SOURCE DATA START

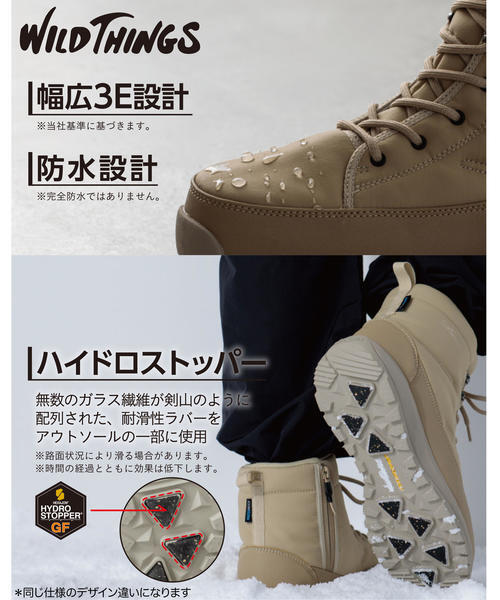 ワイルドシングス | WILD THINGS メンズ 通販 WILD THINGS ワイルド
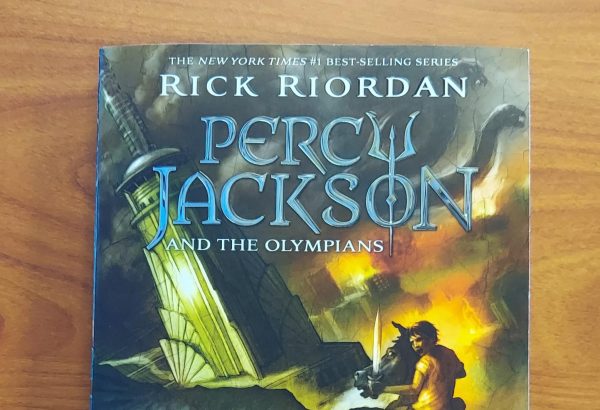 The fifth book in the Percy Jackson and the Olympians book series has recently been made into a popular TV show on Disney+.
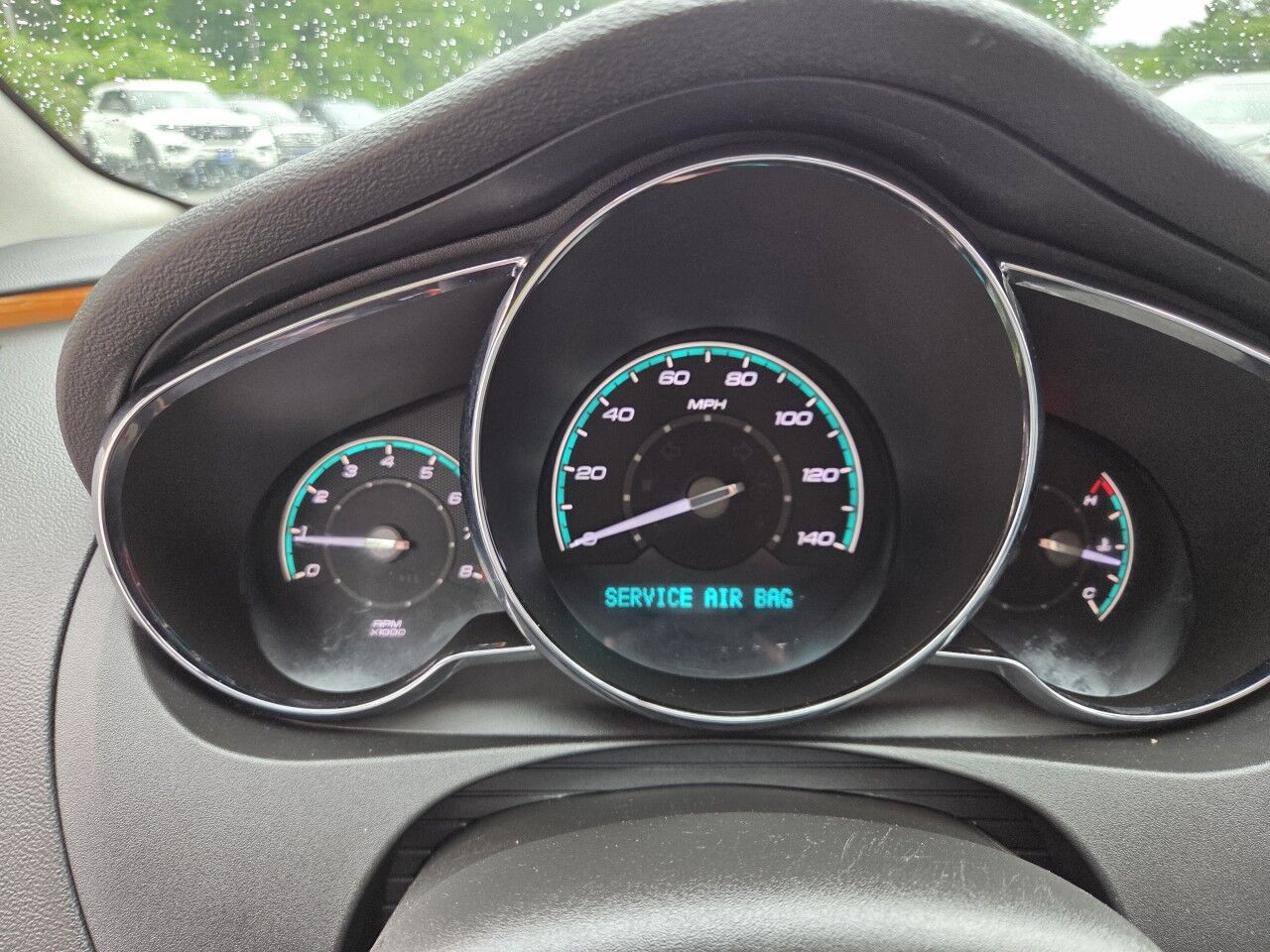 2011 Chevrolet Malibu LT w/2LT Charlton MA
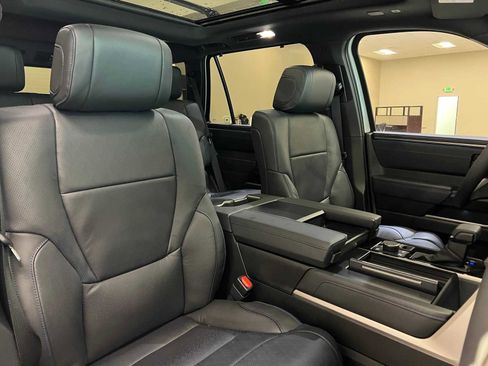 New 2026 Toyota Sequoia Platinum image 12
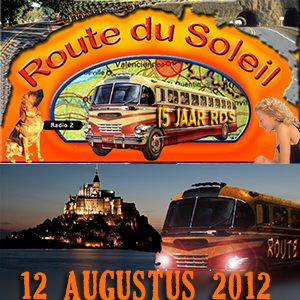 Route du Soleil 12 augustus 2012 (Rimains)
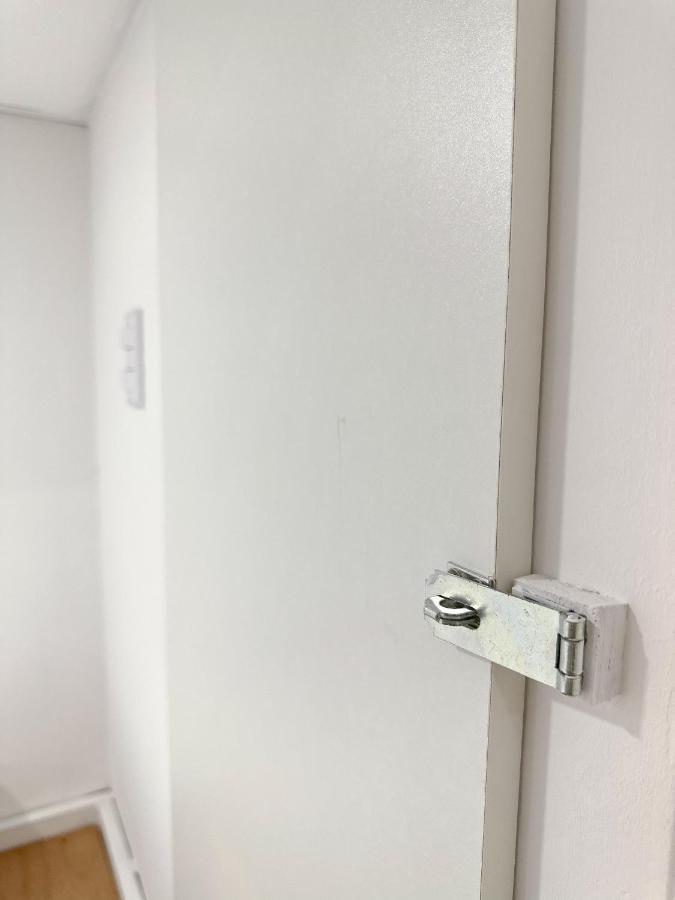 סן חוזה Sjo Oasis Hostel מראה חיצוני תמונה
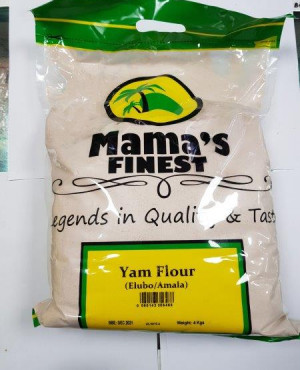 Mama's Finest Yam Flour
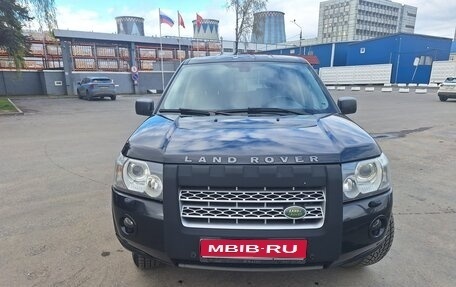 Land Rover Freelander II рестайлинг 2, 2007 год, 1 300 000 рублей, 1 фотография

SOURCE DATA END
SOURCE DATA START

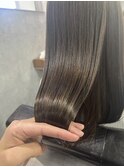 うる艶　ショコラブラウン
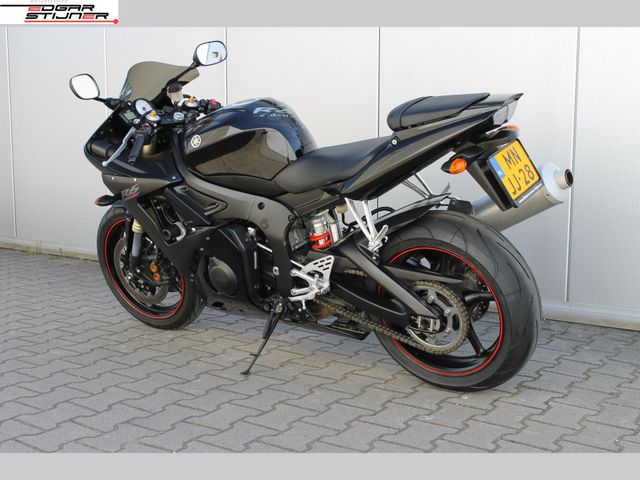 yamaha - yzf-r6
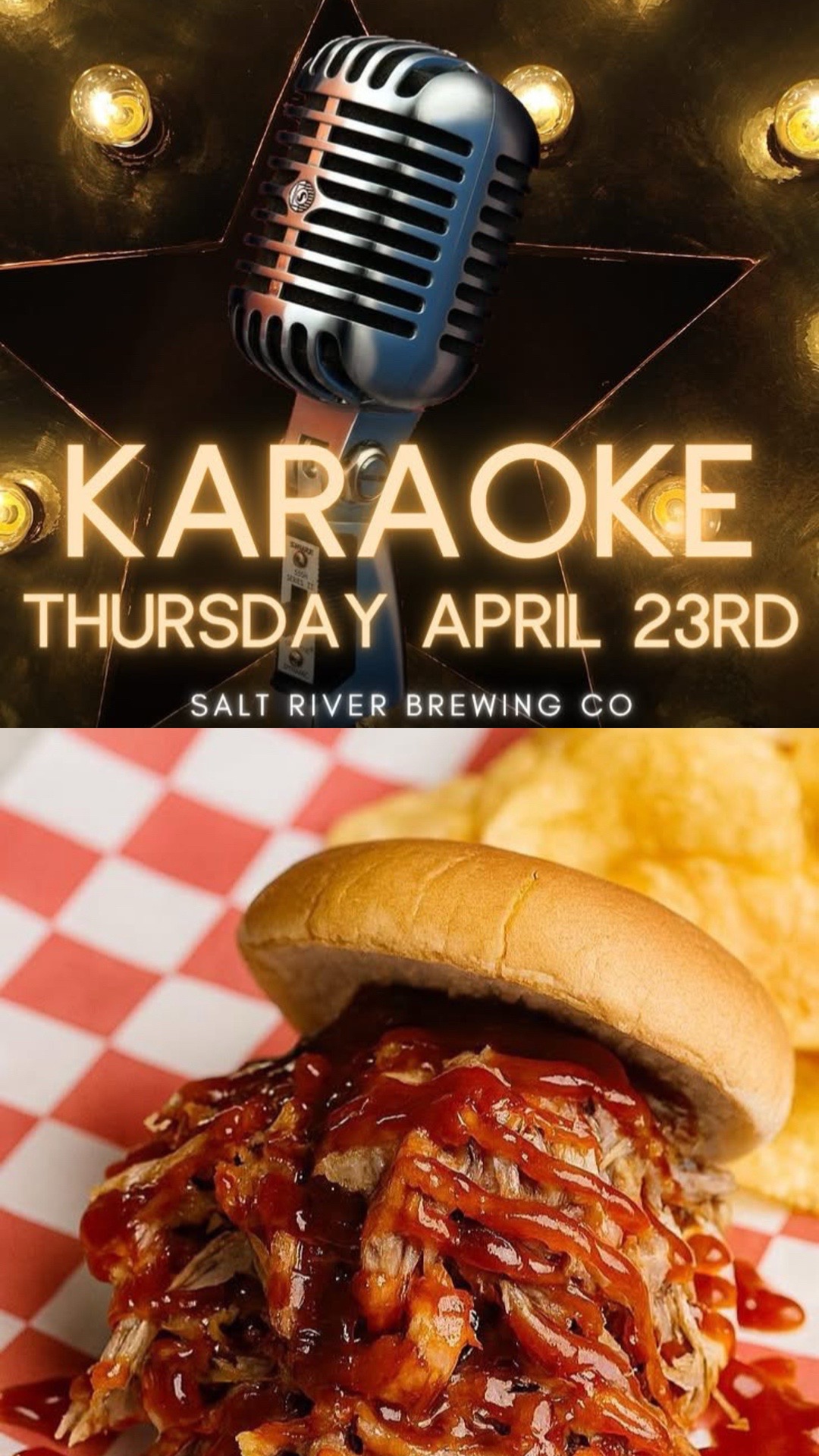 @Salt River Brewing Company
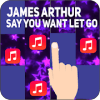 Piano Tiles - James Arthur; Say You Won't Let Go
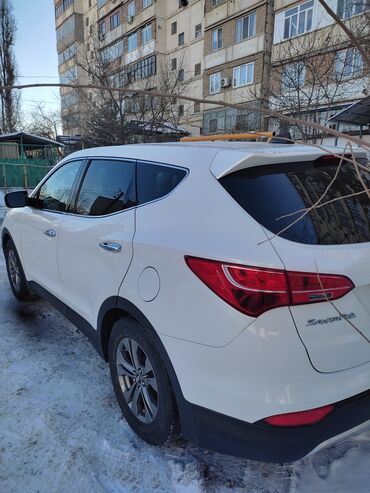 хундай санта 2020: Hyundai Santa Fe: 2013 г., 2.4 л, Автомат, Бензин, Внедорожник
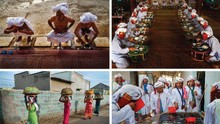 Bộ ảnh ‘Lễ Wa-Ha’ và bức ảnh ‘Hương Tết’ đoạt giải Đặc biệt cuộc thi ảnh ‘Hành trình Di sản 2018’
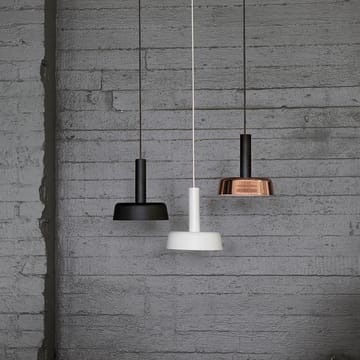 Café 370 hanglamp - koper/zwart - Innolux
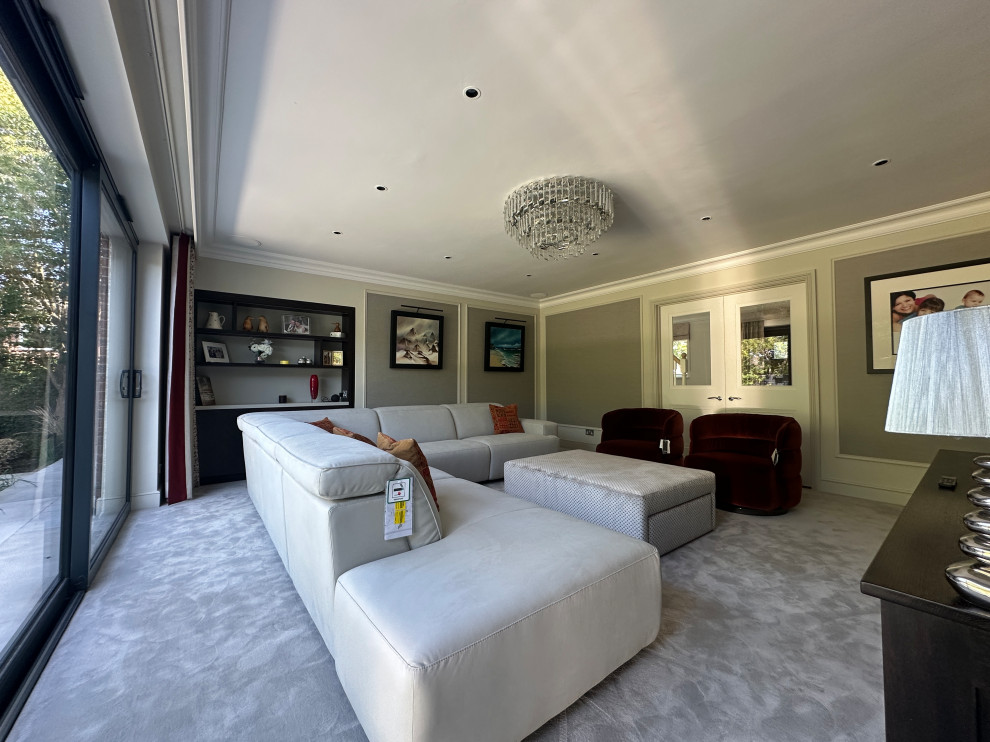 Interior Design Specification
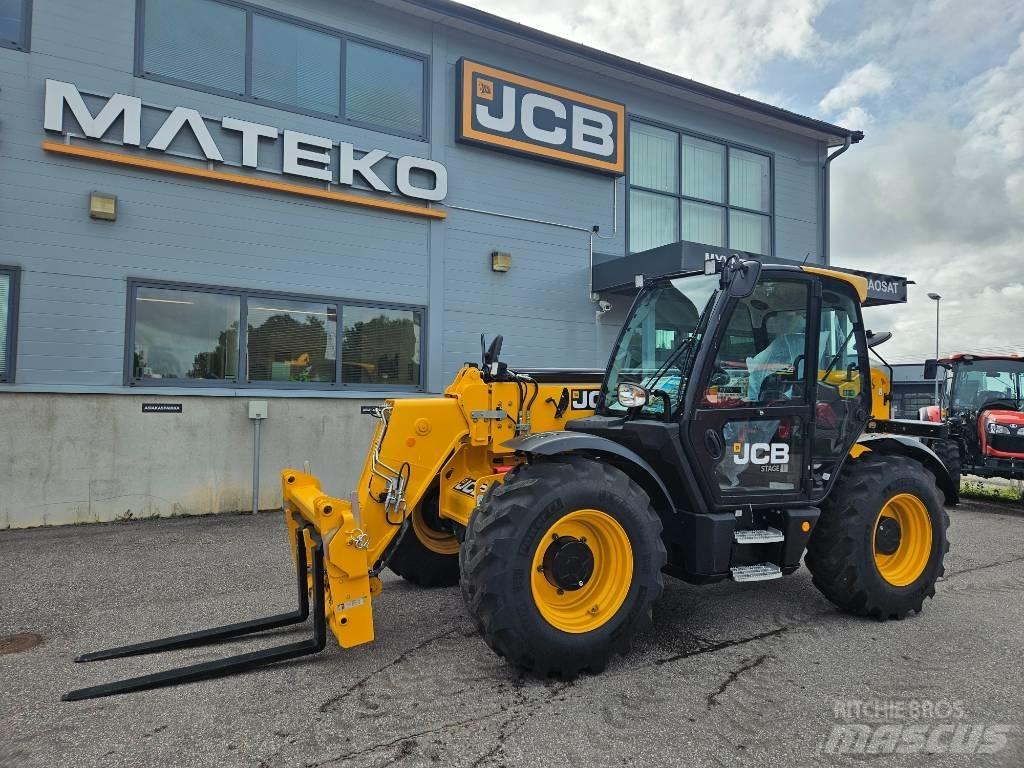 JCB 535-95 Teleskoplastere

SOURCE DATA END
SOURCE DATA START

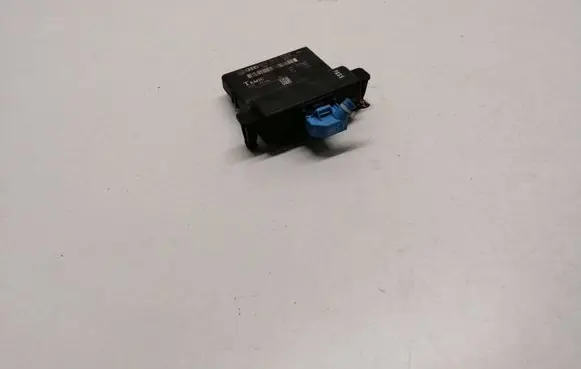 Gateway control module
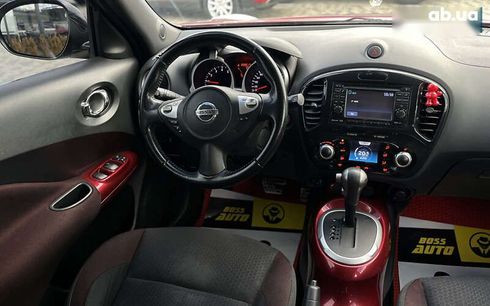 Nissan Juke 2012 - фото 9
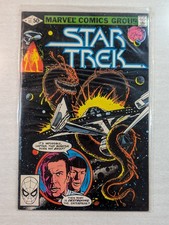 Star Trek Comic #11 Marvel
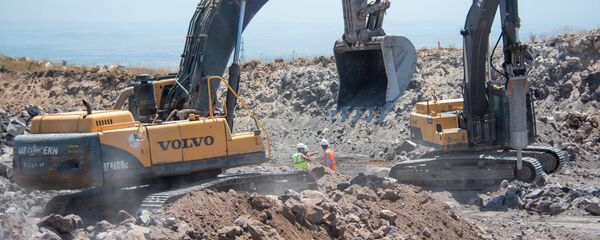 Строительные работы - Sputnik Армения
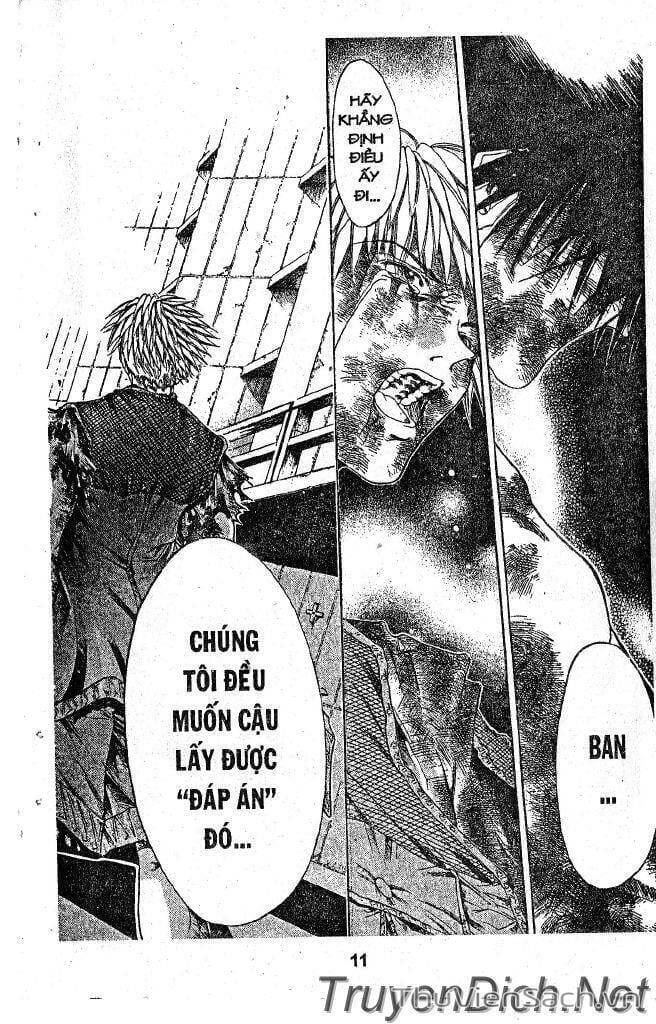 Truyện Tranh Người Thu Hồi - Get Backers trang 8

SOURCE DATA END

WHAT YOU NEED TO DO:
Your task is to copy only the lines above starting at the one containing "うる艶　ショコラブラウン" and ending at the one containing "JCB 535-95 Teleskoplastere". Copy them exactly, both ends included, and omit the pictures.

ANSWER SECTION:
 うる艶　ショコラブラウン
 yamaha - yzf-r6
 @Salt River Brewing Company
 Piano Tiles - James Arthur; Say You Won't Let Go
 хундай санта 2020: Hyundai Santa Fe: 2013 г., 2.4 л, Автомат, Бензин, Внедорожник
 Bộ ảnh ‘Lễ Wa-Ha’ và bức ảnh ‘Hương Tết’ đoạt giải Đặc biệt cuộc thi ảnh ‘Hành trình Di sản 2018’
 Café 370 hanglamp - koper/zwart - Innolux
 Interior Design Specification
 JCB 535-95 Teleskoplastere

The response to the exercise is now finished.